Example 1 : The thermostat is a device responsible for maintaining a stable temperature inside a room. As the temperature rises, the thermostat responds by turning an air conditioner or heater on or off. The thermostat, therefore, is an open system programmed to remain in homeostasis (balance) as it receives inputs (environment temperature).

The input ( input ) received by the thermostat works as negative feedback , as it forces a contrary response from the system. If the input is heat, the output ( output) is cold and vice versa.

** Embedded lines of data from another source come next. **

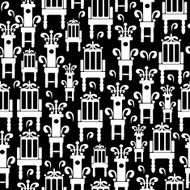 white icons of furniture on seamless pattern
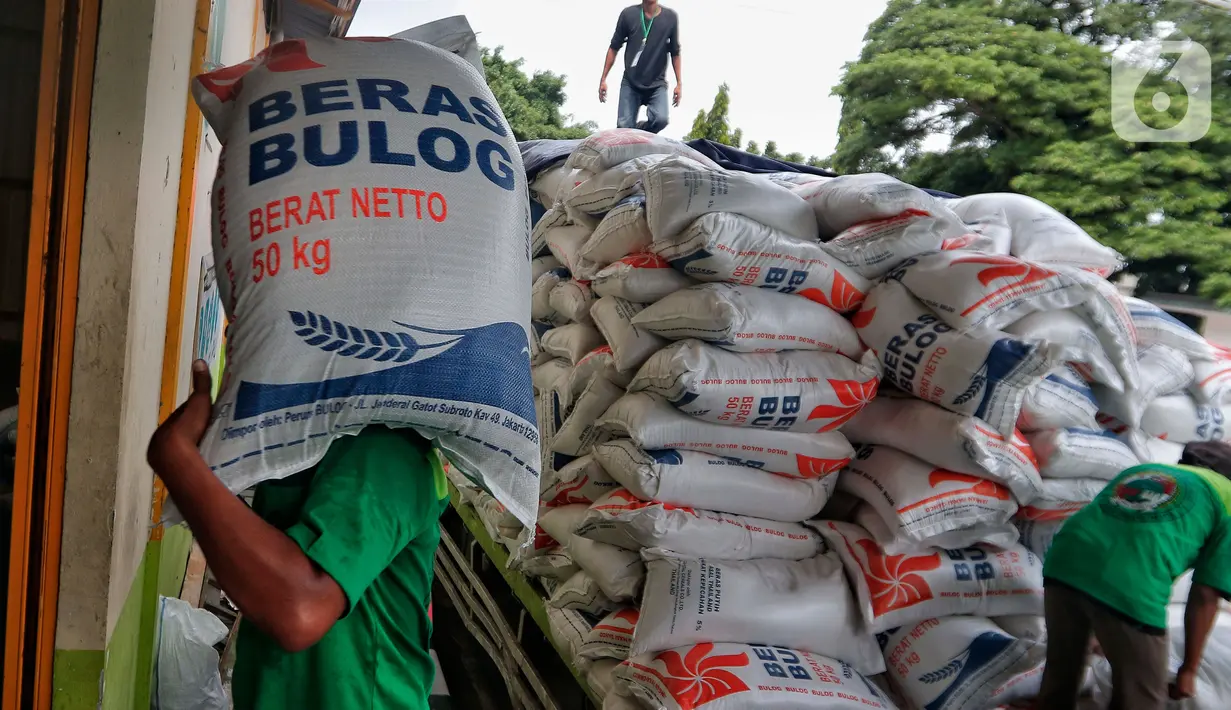 Seorang buruh memanggul beras bulog saat aktivitas bongkar muat, di gudang PT Food Station Tjipinang Jaya, Jakarta Timur, Jumat (3/2/2023). Guna memenuhi kebutuhan beras di Pasar Induk Beras Cipinang, Bulog juga akan menambah stok beras yang saat ini ada di Food Station dari 13 ribu ton menjadi 30 ribu ton. (Liputan6.com/Angga Yuniar)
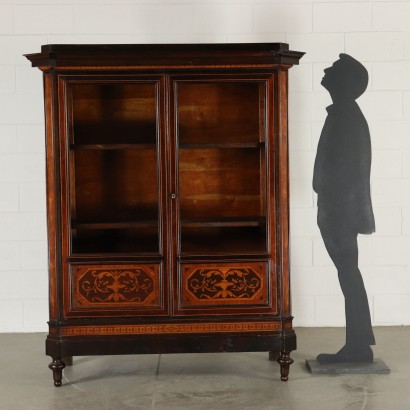 Elegant Armoire- Bibliothèque Bois de Rose Acajou Italie '800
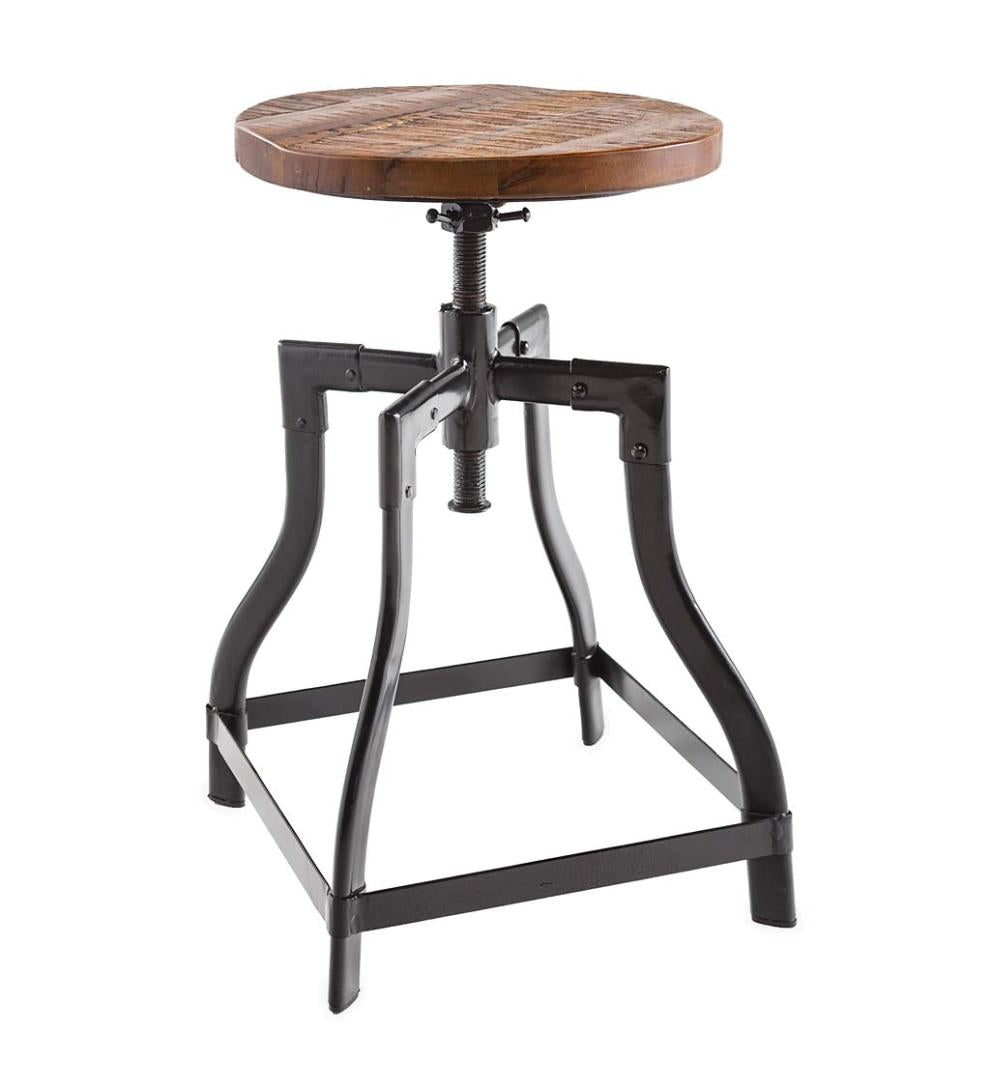 Plow &amp; Hearth Footstools | Indoor Living Allegheny Reclaimed Wood Adjustable Stool With Metal Base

Example 2 : The human body, like a thermostat, keeps its system in homeostasis. As body activity is increased (input), the body responds by increasing the heart rate to send more blood to the muscles (output). This activity decreases the amount of oxygen in the blood and forces the lungs (input) to work faster (output).

systems theory in psychology

Systems theory is applied in psychology in order to assess the human psyche as an open system, that is, one that interacts through inputs and outputs to the outside environment.

Traumatic events can function as input for changes in the psychological system, which processes the event and presents outputs in the form of symptoms.

The psychological defense mechanisms, such as denial, work as homeostasis, that is, they seek to keep the psychological system in balance.

Systems theory in management

In management theory, organizations are viewed as open systems that take inputs in the form of energy, supplies, people, etc., and provide outputs such as products and services.

systems theory in informatics

In computing, a system is the set formed by software, hardware and human resources. It is one of the simplest areas to identify the application of general systems theory, considering that an information system responds to inserted inputs and produces a result.

systems theory in geography

In several areas of geography, authors use the term “geosystem” to designate the set of natural, social, economic and cultural elements that, interdependently, create the environment in which we live.

Clearly, it can be said that the environment is a system that undergoes constant inputs through human activity (exploration, gas emissions, urbanization, etc.) and presents consistent results.

Global warming is a phenomenon that occurs through positive feedback . Unlike negative feedback, which aims to keep the system in balance, positive feedback forces the system to work in the same direction as the input received, usually resulting in an imbalance.

As the emission of carbon dioxide increases the Earth’s temperature, the polar ice caps, responsible for reflecting part of sunlight, melt, increasing the amount of water on the planet and, consequently, the absorption of heat. Note that the output produced is equal to the input received (heat).